◆ Exercise goal:
In the entries below, find the line with "Snapshot of francinealdy" and the line with "1403 Baronets TRL"; give again those lines and every line between them, exactly.

◆ Data:
——————

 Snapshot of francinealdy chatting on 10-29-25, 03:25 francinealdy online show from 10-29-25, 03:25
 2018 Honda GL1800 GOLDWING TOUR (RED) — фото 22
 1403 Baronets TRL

——————

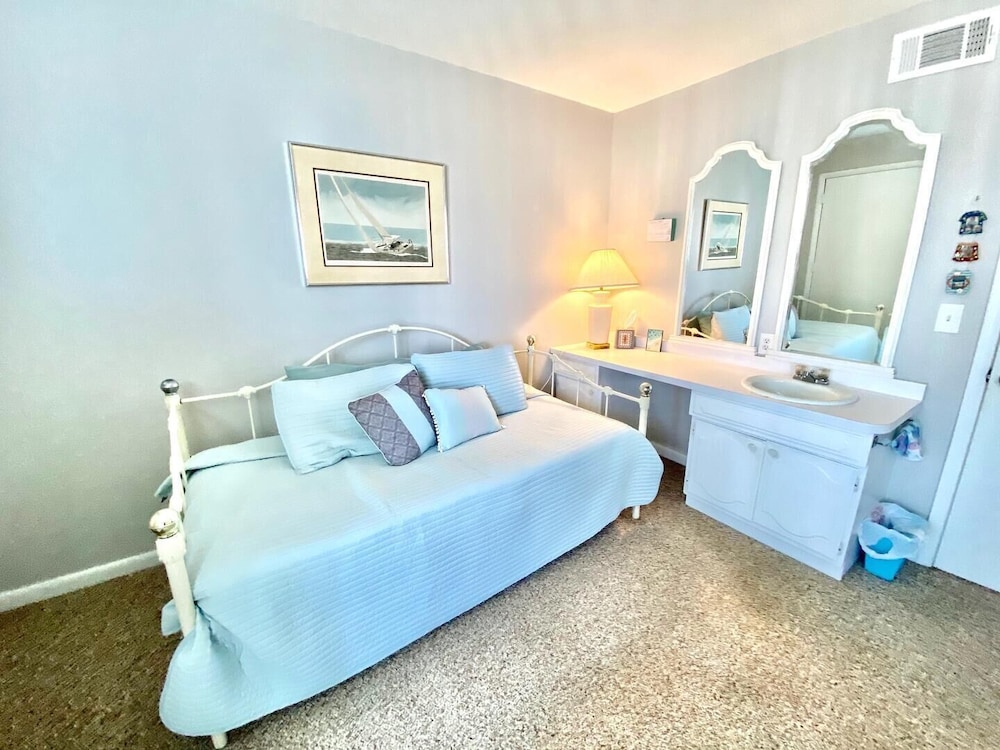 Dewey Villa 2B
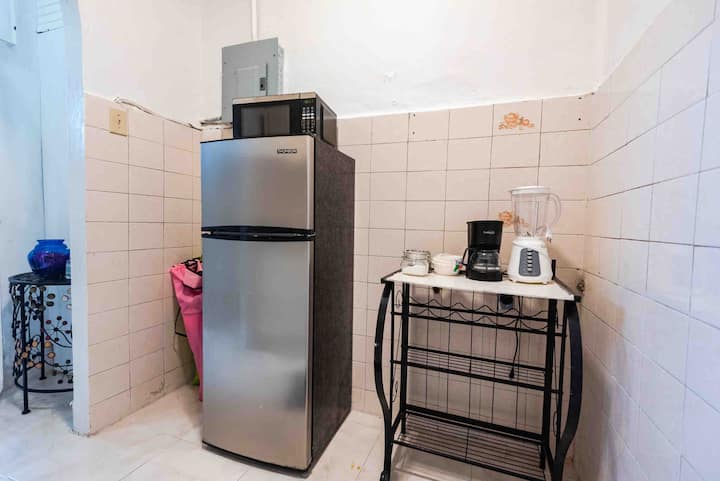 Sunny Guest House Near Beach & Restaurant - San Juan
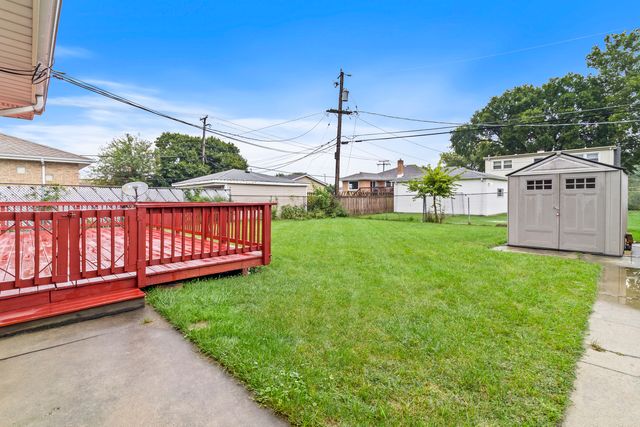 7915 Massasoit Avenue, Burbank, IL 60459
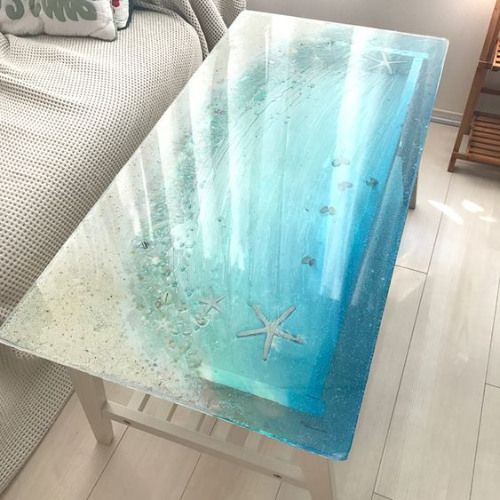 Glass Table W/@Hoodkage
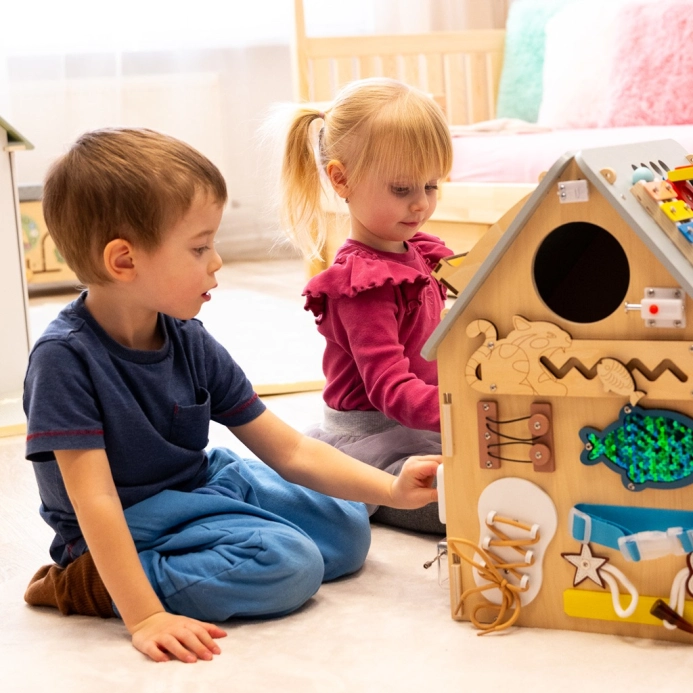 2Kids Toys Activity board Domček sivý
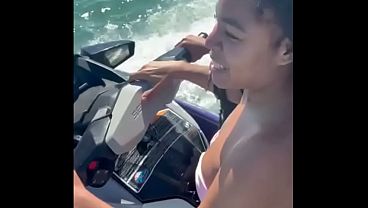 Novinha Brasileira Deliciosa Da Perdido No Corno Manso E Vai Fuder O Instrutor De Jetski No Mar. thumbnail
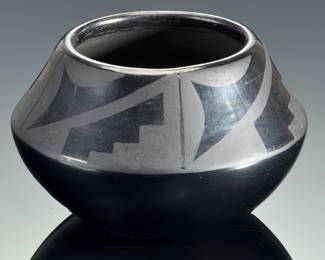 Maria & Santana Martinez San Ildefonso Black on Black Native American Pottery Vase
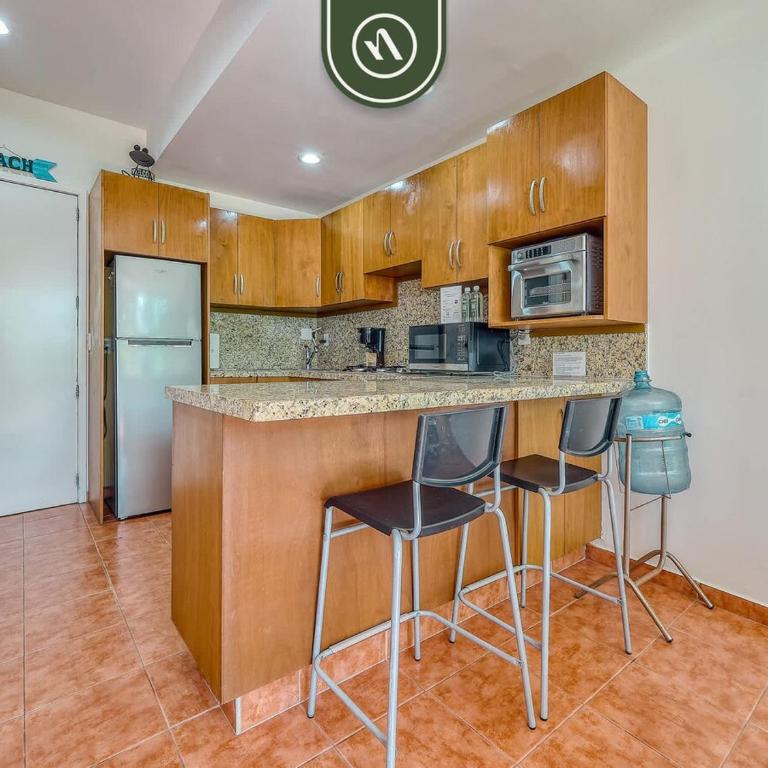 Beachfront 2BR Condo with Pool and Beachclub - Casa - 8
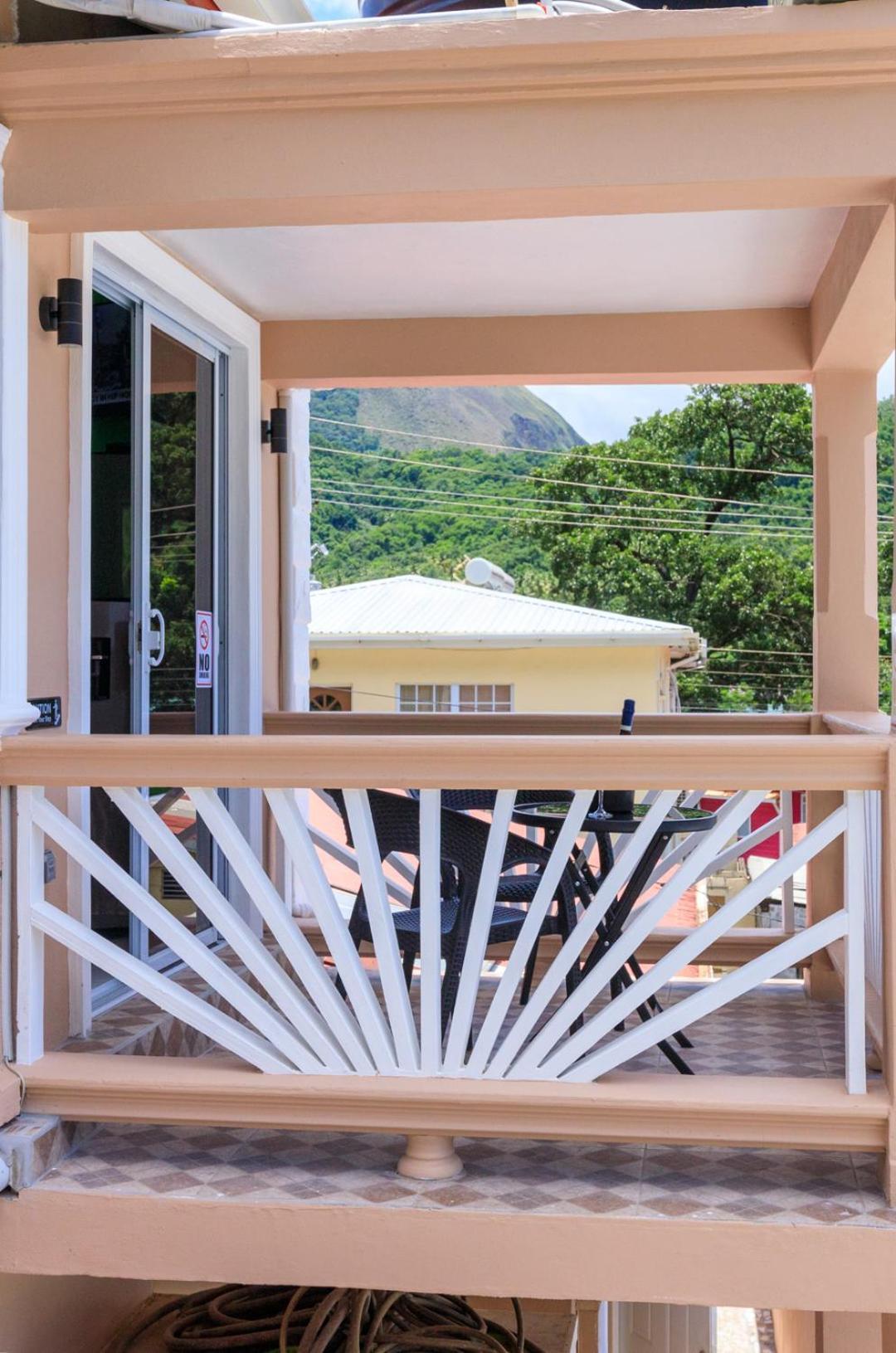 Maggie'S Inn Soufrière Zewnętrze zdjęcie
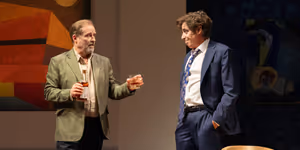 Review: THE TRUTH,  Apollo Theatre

——————

◆ Response to the task:
 Snapshot of francinealdy chatting on 10-29-25, 03:25 francinealdy online show from 10-29-25, 03:25
 2018 Honda GL1800 GOLDWING TOUR (RED) — фото 22
 1403 Baronets TRL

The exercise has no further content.